The second phase of India’s Rohingya approach began sometime in mid-2017 with the announcement of the government’s plans to deport the Rohingyas who have settled in different parts of India. While answering a question in Parliament on 9 August 2017, India’s Minister of State for Home Affairs, Kiren Rijiju said the government was planning to deport Rohingyas from India because they are “illegal immigrants.” The minister later clarified that the deportation plan was “not yet firmed up.” According to media reports citing government estimates, the number of Rohingyas in India was 10,500 in 2015 and increased four times to 40,000 in the following two years. A month after the announcement of the deportation plan and soon after the Arakan Rohingya Salvation Army (ARSA), a Rohingya insurgent group formed in 2013—staged attacks on police and army outposts in northern Rakhine State, Prime Minister Narendra Modi visited Myanmar.
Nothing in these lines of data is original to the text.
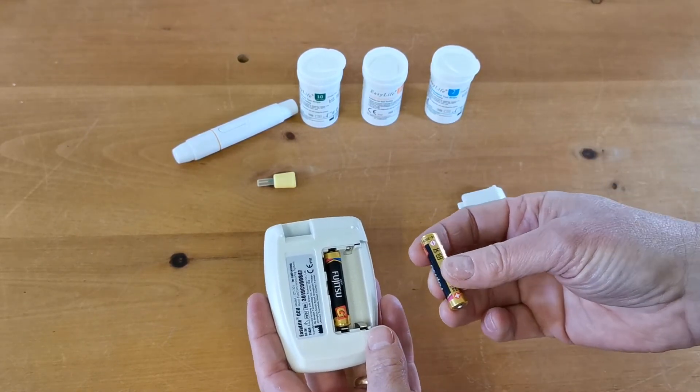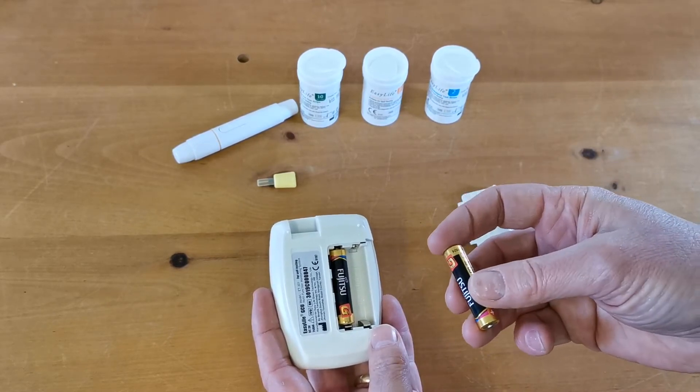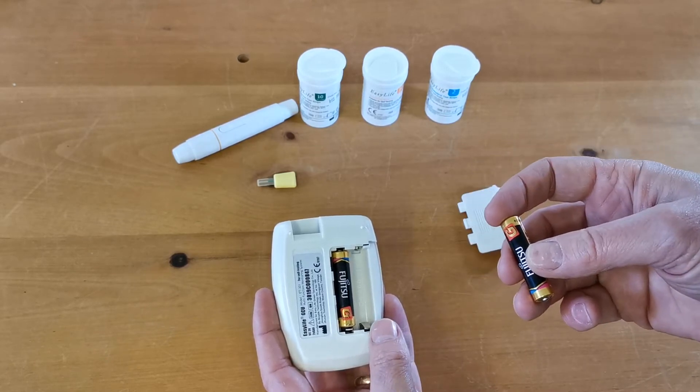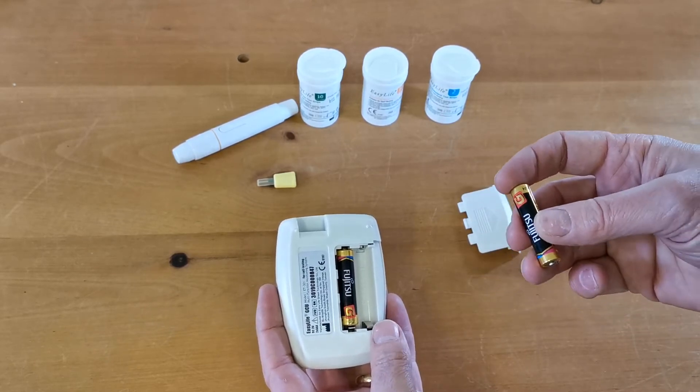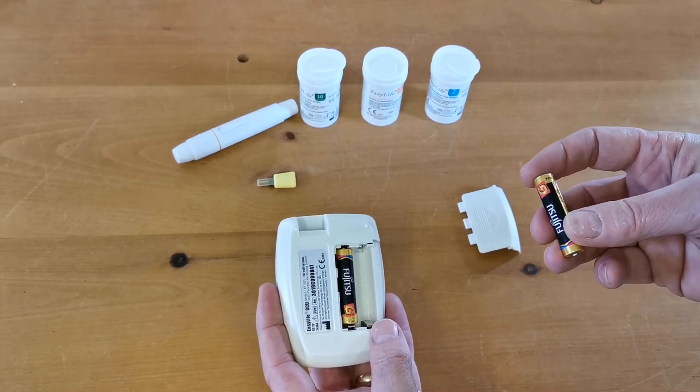Just before I put the second battery in, I want you to be aware that you've got only a five second time portal to switch the meter over and start setting the time and date. So be prepared to do that and read the instructions about which buttons you're going to have to press.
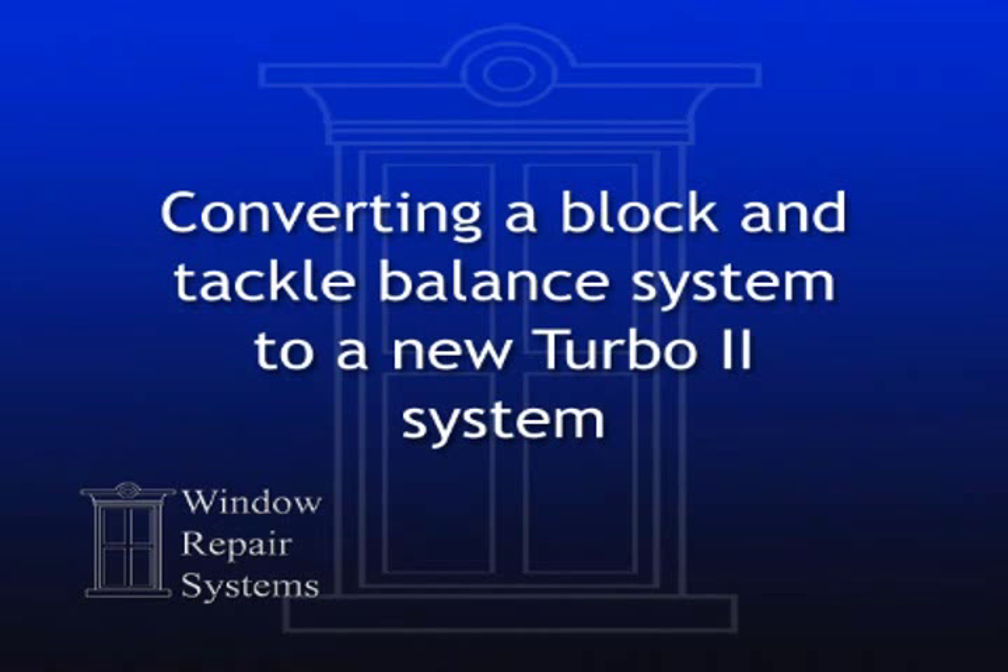The process of converting a block and tackle balance system to a new Turbo 2 system is easy and will greatly improve the operation of your window.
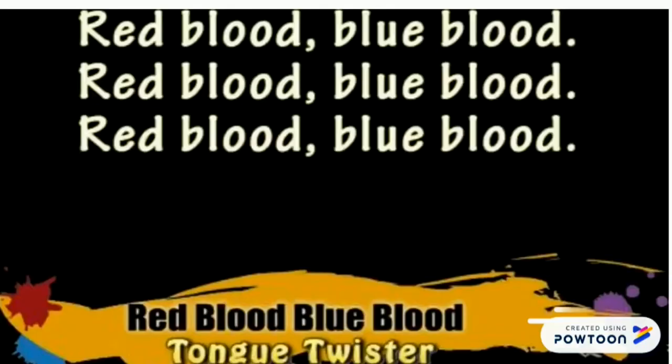Okay, here is another challenge: red blood, blue blood, red blood, blue blood. Now quickly: red blood, blue blood, red blood, blue blood.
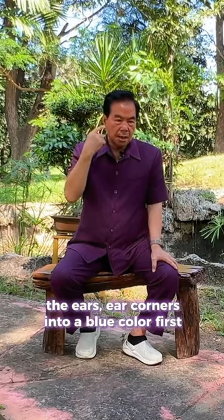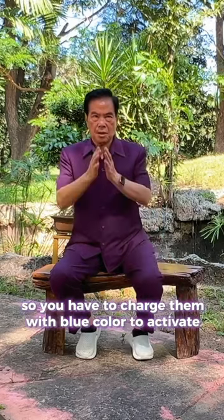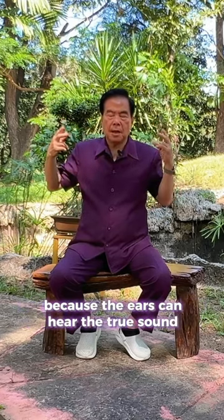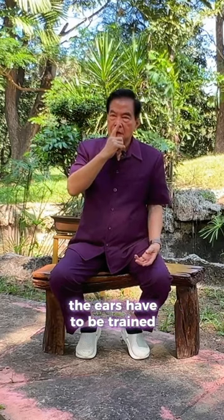The ear corners have to be charged with blue color first, to activate them — we call it making the ears able to hear the true sound. The ears have to be trained and charged with blue light.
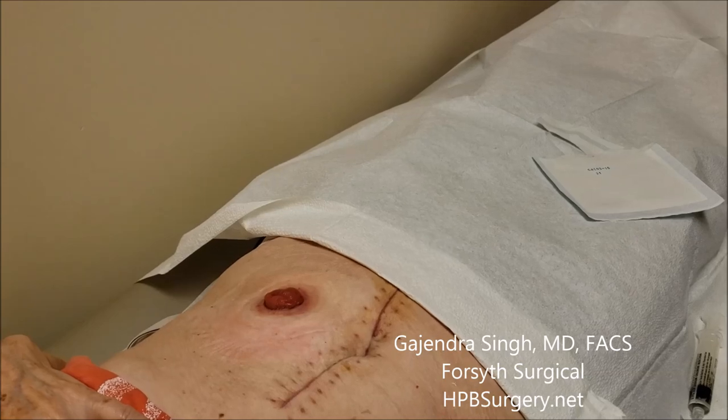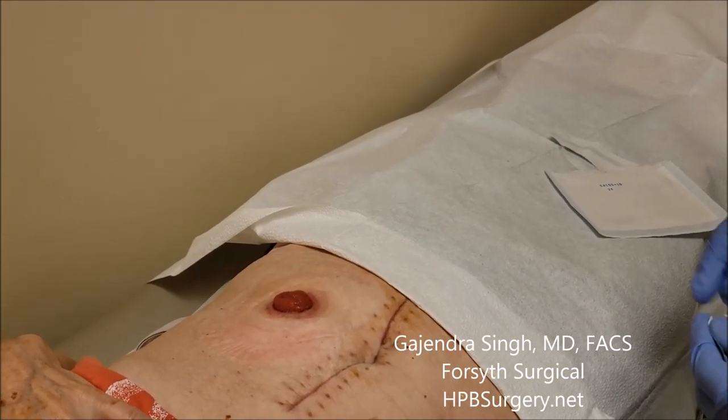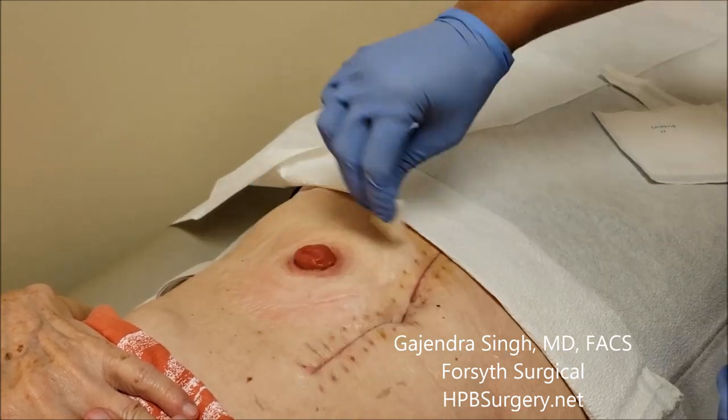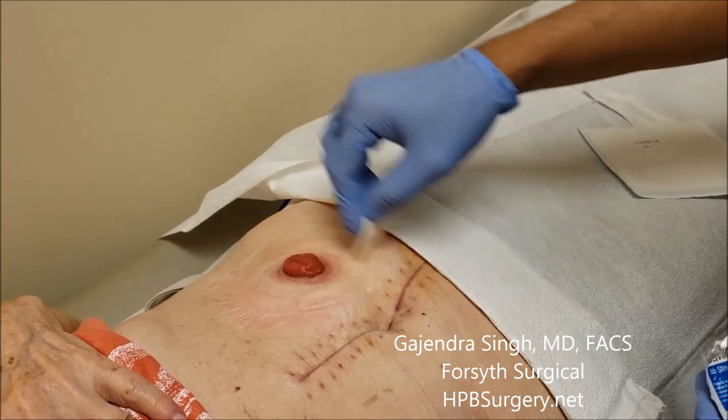We've cleaned out all the stool from around the area. We're going to take a new sponge from the pouch and clean all that out to make the skin a little sticky, then let it dry before putting the new bag on.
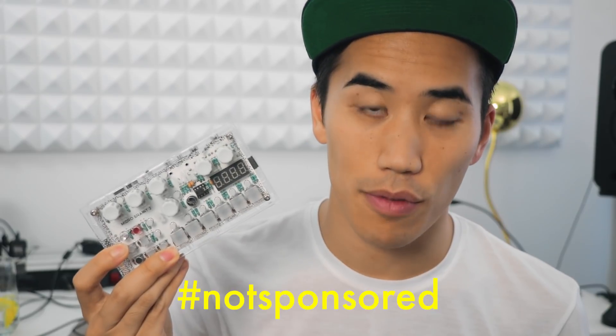I also like that it's built pretty ruggedly. I've brought this on a couple of tours with me and it holds up to a lot. Next up, we've got the aesthetic AF Microgranny from Basil Instruments.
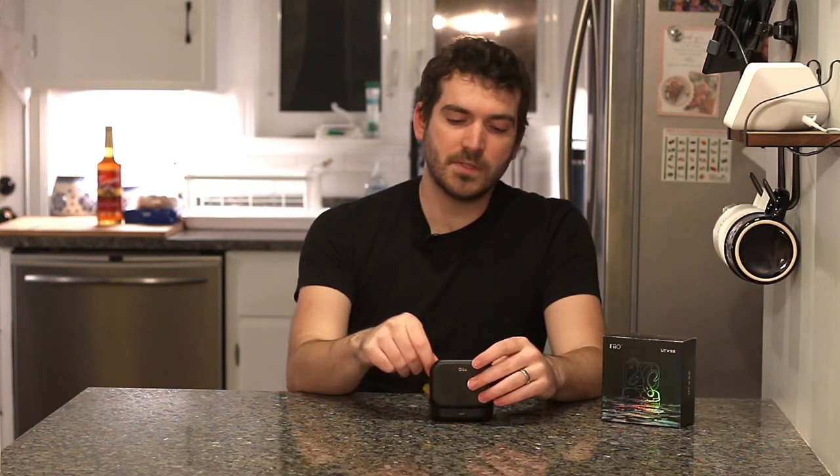Usually I'll open it, take an earbud out and drop it in, and if it's not connected to the device right away and I haven't heard it say pairing, you can hold the button in here for about five seconds. The light on the front will flash red and white, which tells you it's looking for something to pair to. It's almost as if it's pairing to the case itself, or there's some mechanism where it communicates with the case — it takes out the guessing game with the confusing pairing between left and right earbud.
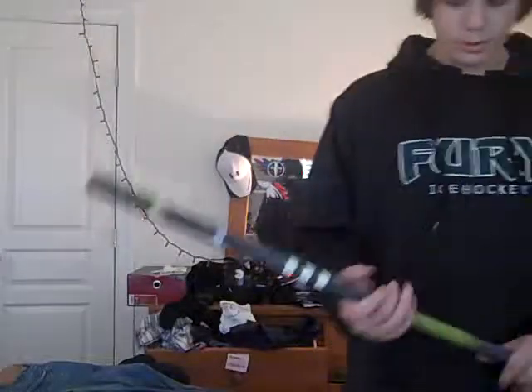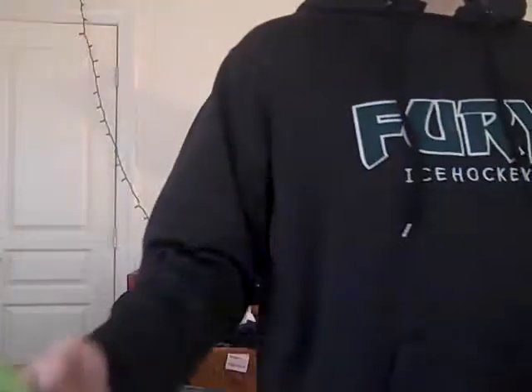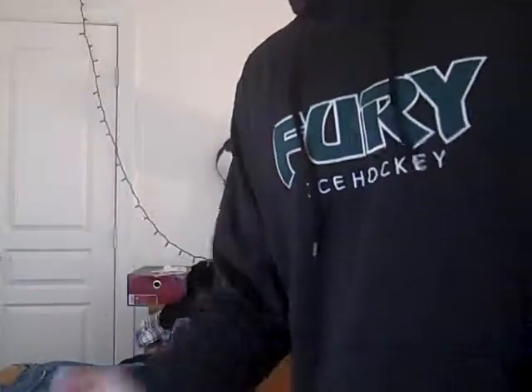Hey guys, today what I got in the mail — I got my Adidas Titanium Shaft. It's called the Adidas Strike. It's pretty nice, it's gunmetal and neon green, for my STX Deuce. It's pretty light and it's really durable because it's made out of titanium.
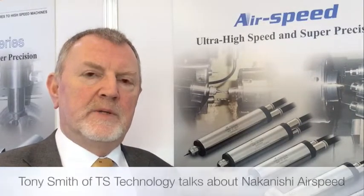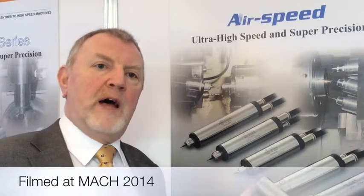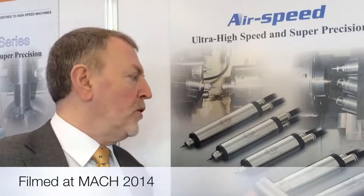Nakanoosh's Airspeed Systems are a range of air motor spindles available in one unit or as a modular system for fitting onto your turning centres. These enable you, with a fixed speed, to produce parts with fine detail work.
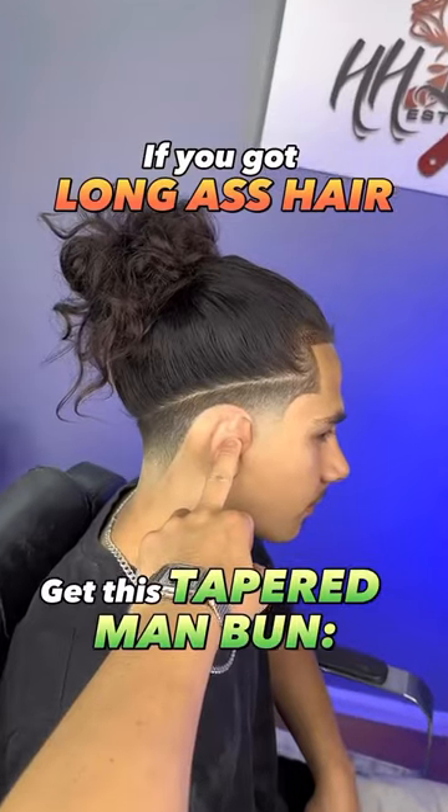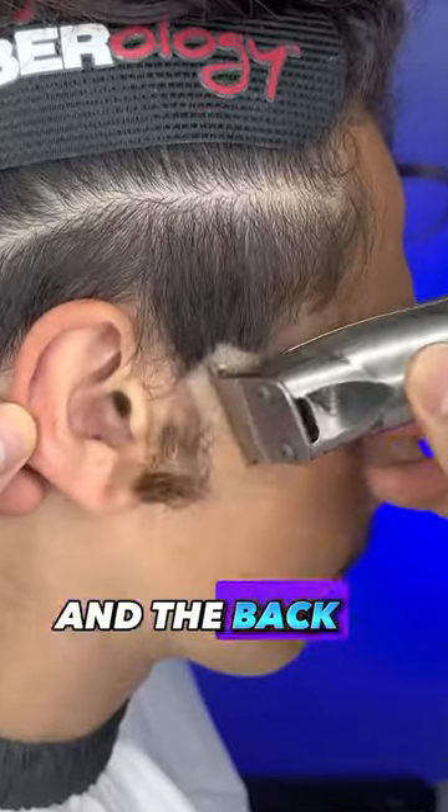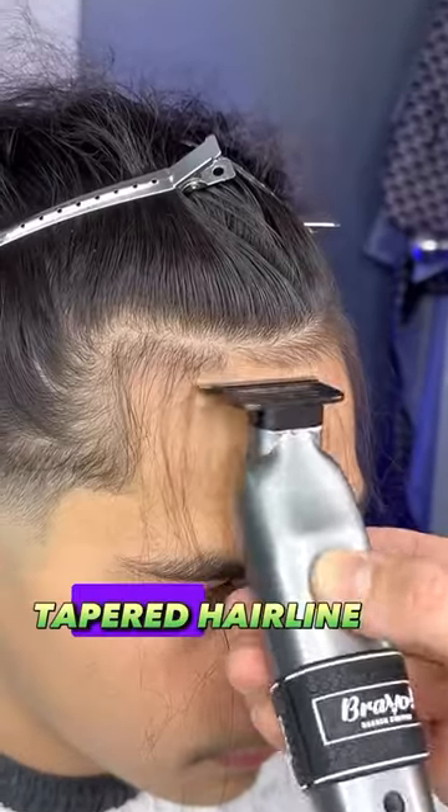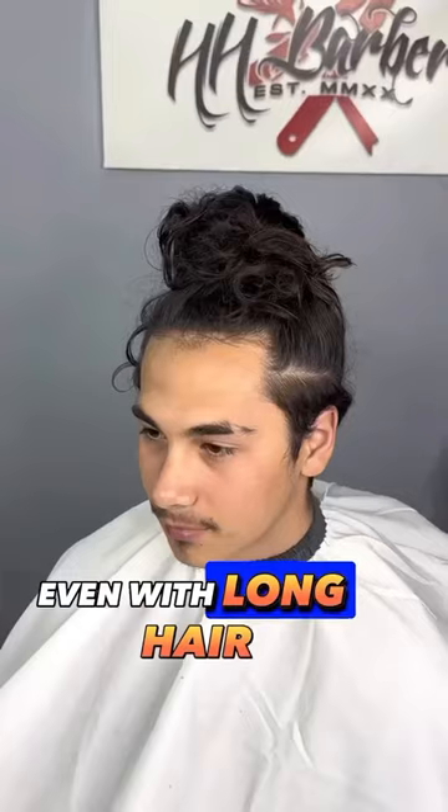If you got long ass hair, get this tapered man bun. The mid taper on the sides and the back will give you a cleaner look instead of having the messy full head of hair. Having a tapered hairline also gives you an illusion that you have a crispy line up even with long hair.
The joint statement issued during the visit “condemned the recent terrorist attacks” in Rakhine but was silent about the Rohingya refugee crisis. The one-sided position of the Indian government had to be nuanced when Bangladesh, the country that bore the brunt of the refugee outflow, sought India’s help. On 14 September 2017, India launched “Operation Insaniyat” to provide relief assistance for the refugee camps in Bangladesh.Delhi’s decision to extend help fits into its desire to de-incentivise Rohingya refugees entering into India. As Delhi recalibrated its approach, the West Bengal government adopted a contrary position to the central government by expressing its support for the Rohingya refugees.Though the West Bengal government’s position did not change the central government’s Rohingya approach, it sent a message to Delhi that it needed to take into account voices of state governments on the issue. External Affairs Minister Sushma Swaraj visited Dhaka on 9 October 2017 and reassured the Bangladeshi government of Delhi’s support.